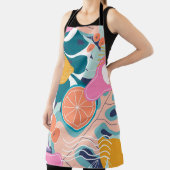 コラージュモダンフローラのシームレスなパターン。外モダン出 エプロン (インサイチュ)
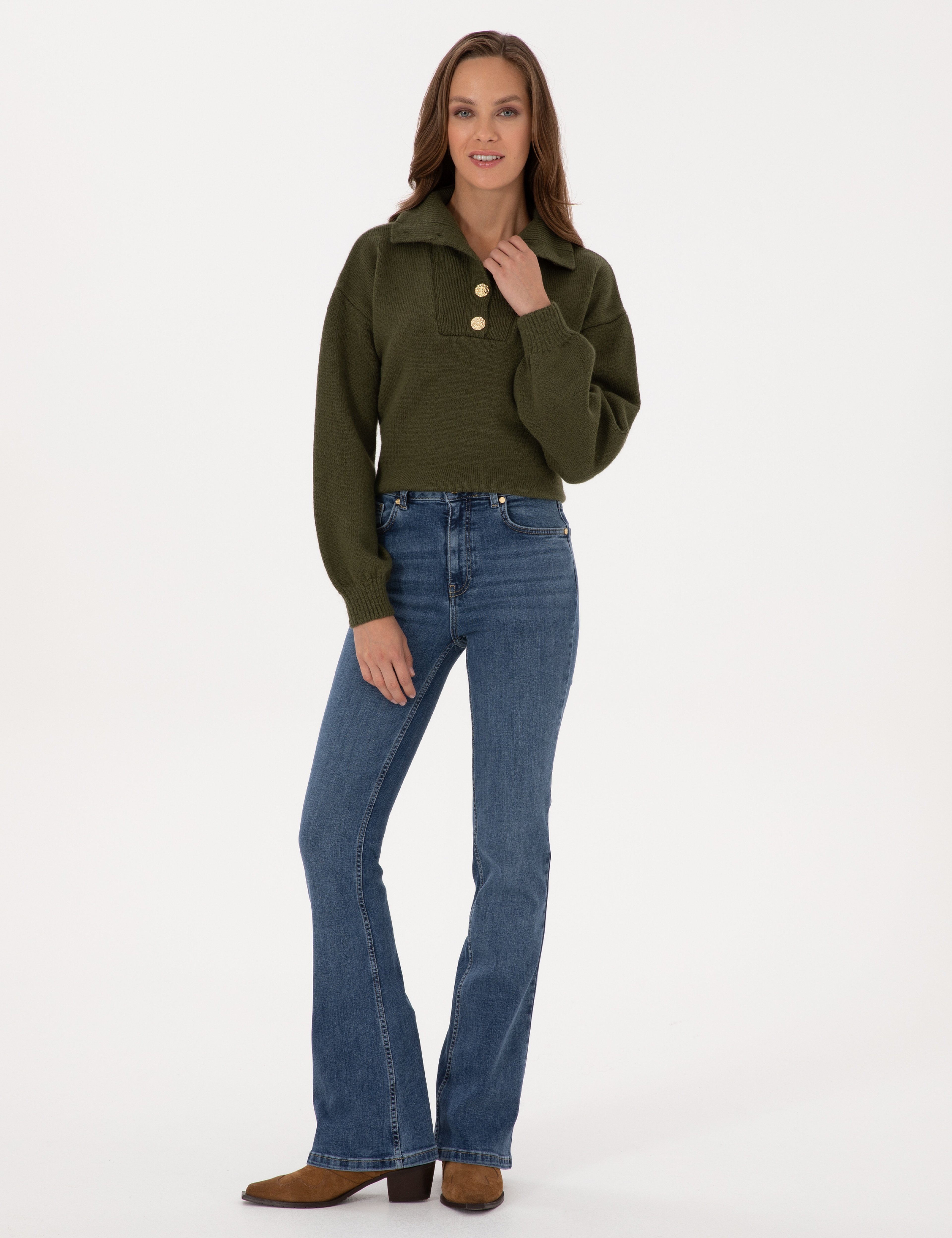 Mavi Skinny Flare Fit Jean Pantolon - Image 1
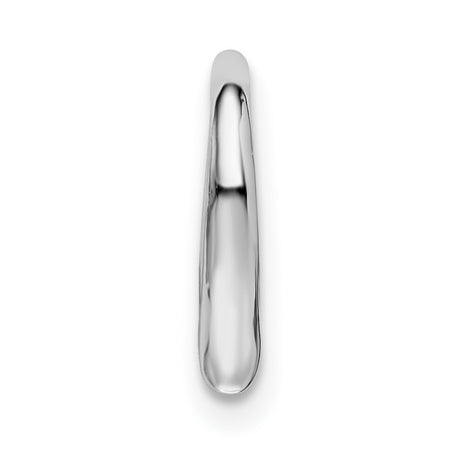 Polished Heart Slide Charm Pendant in Real 925 Sterling Silver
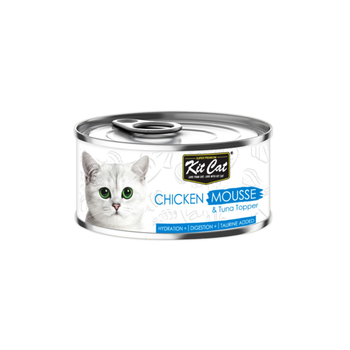 كت كات طعام رطب للقطط موس الدجاج مع التونة 80جرام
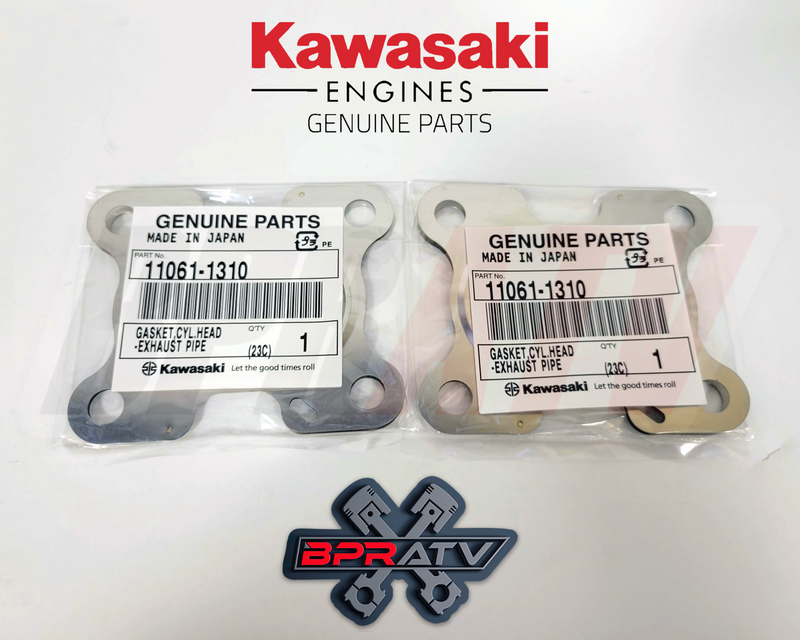 20+ OEM Kawasaki KRF1000 Teryx KRX 1000 OEM Exhaust Gaskets 11061-1310 Set of 2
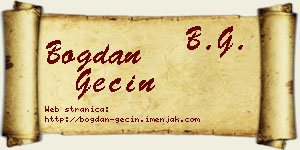 Bogdan Gecin vizit kartica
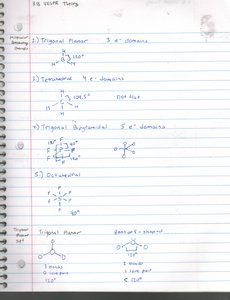 VSEPR shapes diagram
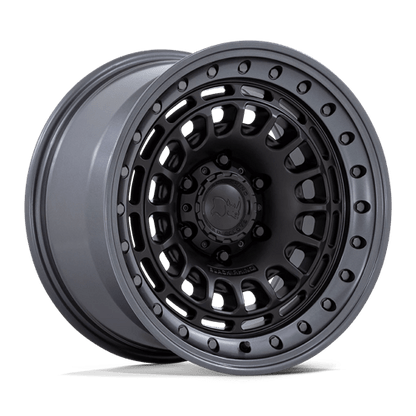 Black Rhino Hard Alloys | BR014 SAHARA | 17.0x9.00 | 5X127 | 0 | MATTE BLACK W/ GUNMETAL LIP
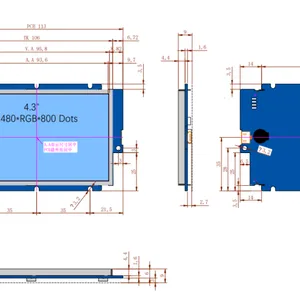 4.3-inch TFT Smart Serial LCD Screen 480*800 thumbnail-2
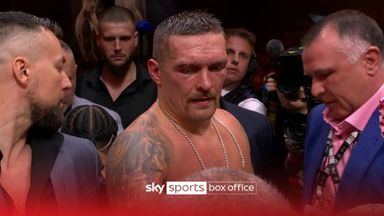 The moment Usyk was crowned Undisputed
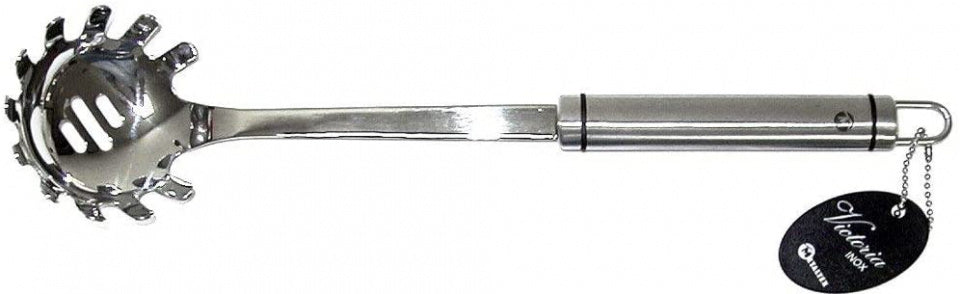 spaghettilepel Victoria 32 cm RVS zilver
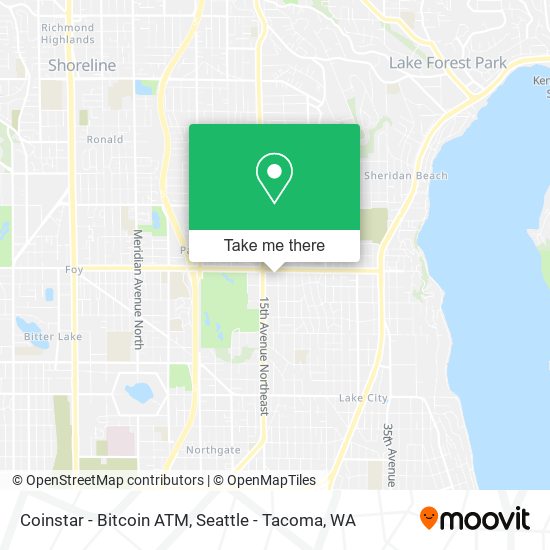 Coinstar - Bitcoin ATM map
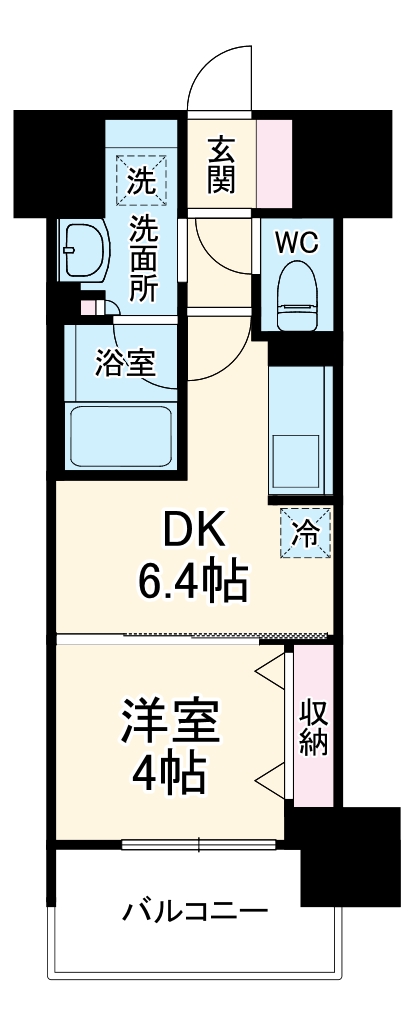 プレサンスロジェ名古屋駅前の間取り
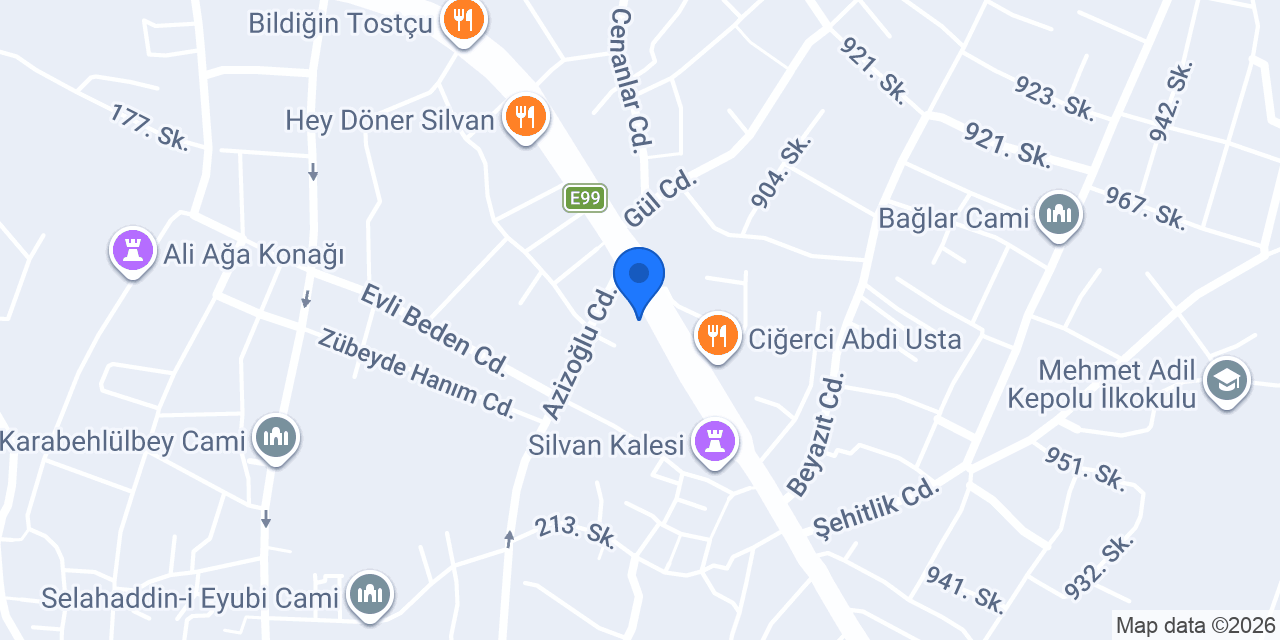 PerdeHome Silvan konumu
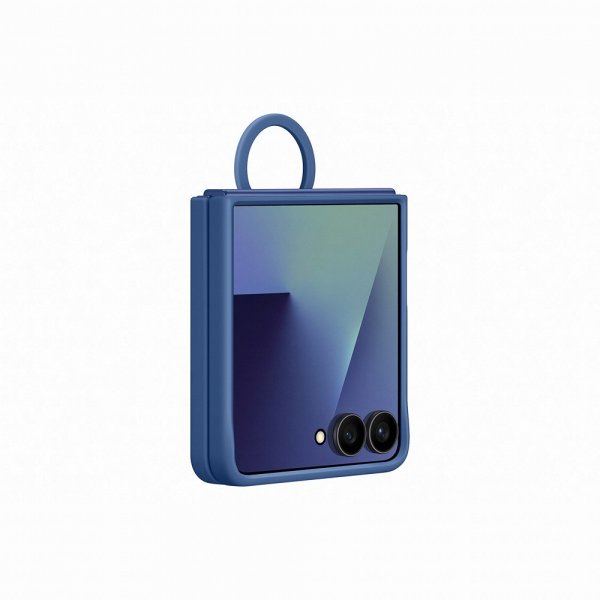 Samsung Original Galaxy Z Flip 7 Skal Ring Case Silicone Blå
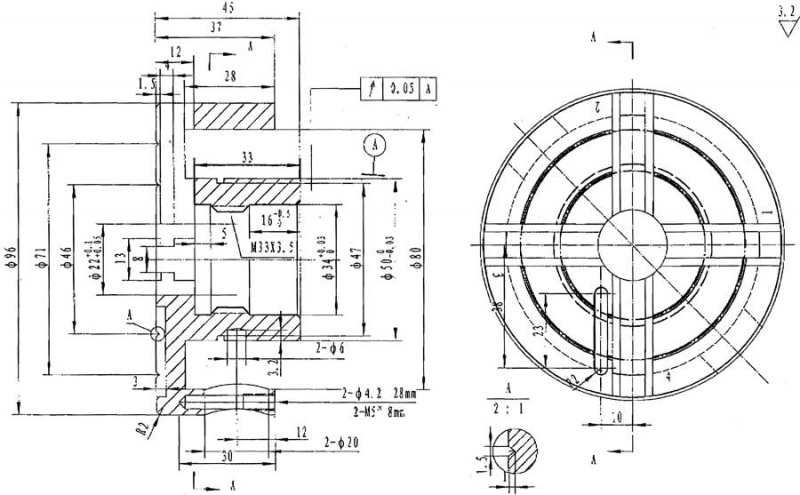 Čtyřčelisťové sklíčidlo Profi M33 × 3,5 - sada
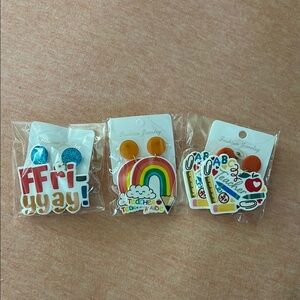 NEW Teacher Earrings Set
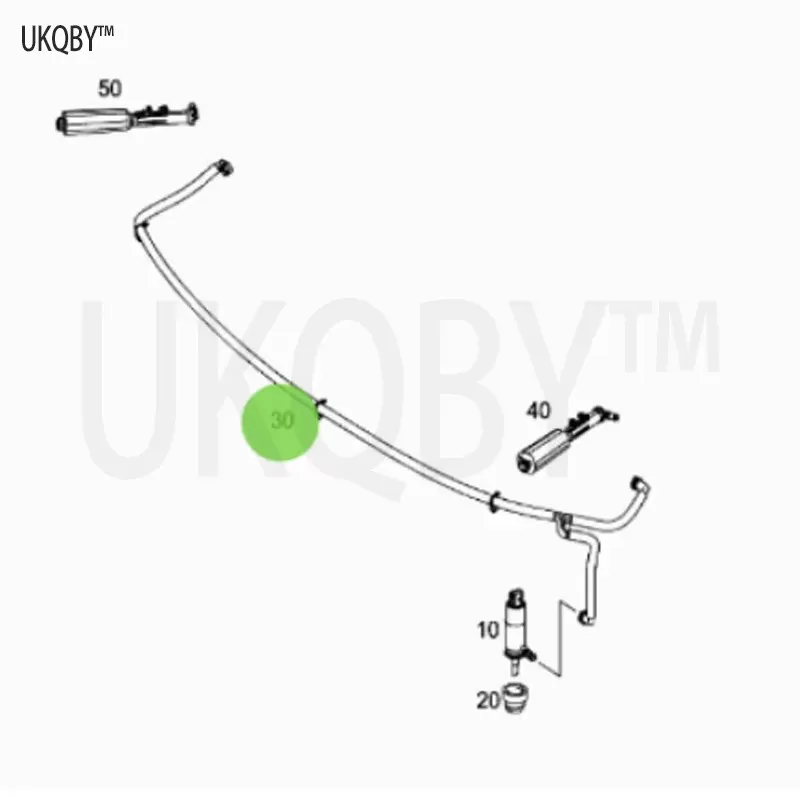 Telescopic nozzle for sleeve hose assembly A2468600592 A2468600592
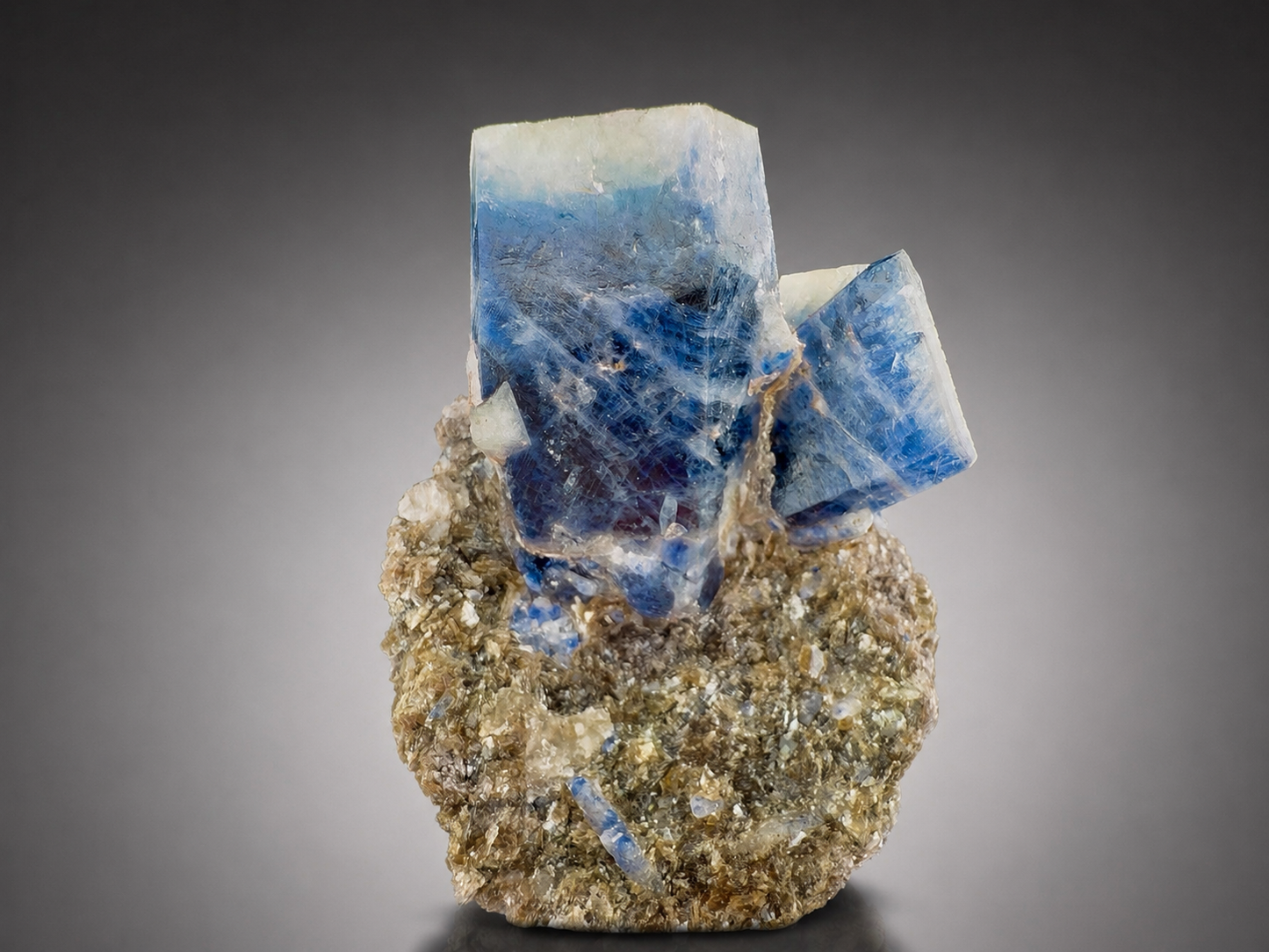 Sapphire Crystals on Matrix from Badakhshan Afghanistan – Fluorescent Collector Mineral Specimen , 210 gram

________________________

### PROBLEM:
Output, exactly and only, the lines beginning with the one that contains "Mavi Skinny Flare" and ending at the last line of the records above. Drop the pictures.

### EXPECTED ANSWER:
 Mavi Skinny Flare Fit Jean Pantolon - Image 1
 Polished Heart Slide Charm Pendant in Real 925 Sterling Silver
 كت كات طعام رطب للقطط موس الدجاج مع التونة 80جرام
 20+ OEM Kawasaki KRF1000 Teryx KRX 1000 OEM Exhaust Gaskets 11061-1310 Set of 2
 Bogdan Gecin vizit kartica
 VSEPR shapes diagram
 Black Rhino Hard Alloys | BR014 SAHARA | 17.0x9.00 | 5X127 | 0 | MATTE BLACK W/ GUNMETAL LIP
 4.3-inch TFT Smart Serial LCD Screen 480*800 thumbnail-2
 The moment Usyk was crowned Undisputed
 spaghettilepel Victoria 32 cm RVS zilver
 Coinstar - Bitcoin ATM map
 プレサンスロジェ名古屋駅前の間取り
 PerdeHome Silvan konumu
 Samsung Original Galaxy Z Flip 7 Skal Ring Case Silicone Blå
 Čtyřčelisťové sklíčidlo Profi M33 × 3,5 - sada
 NEW Teacher Earrings Set
 Telescopic nozzle for sleeve hose assembly A2468600592 A2468600592
 Sapphire Crystals on Matrix from Badakhshan Afghanistan – Fluorescent Collector Mineral Specimen , 210 gram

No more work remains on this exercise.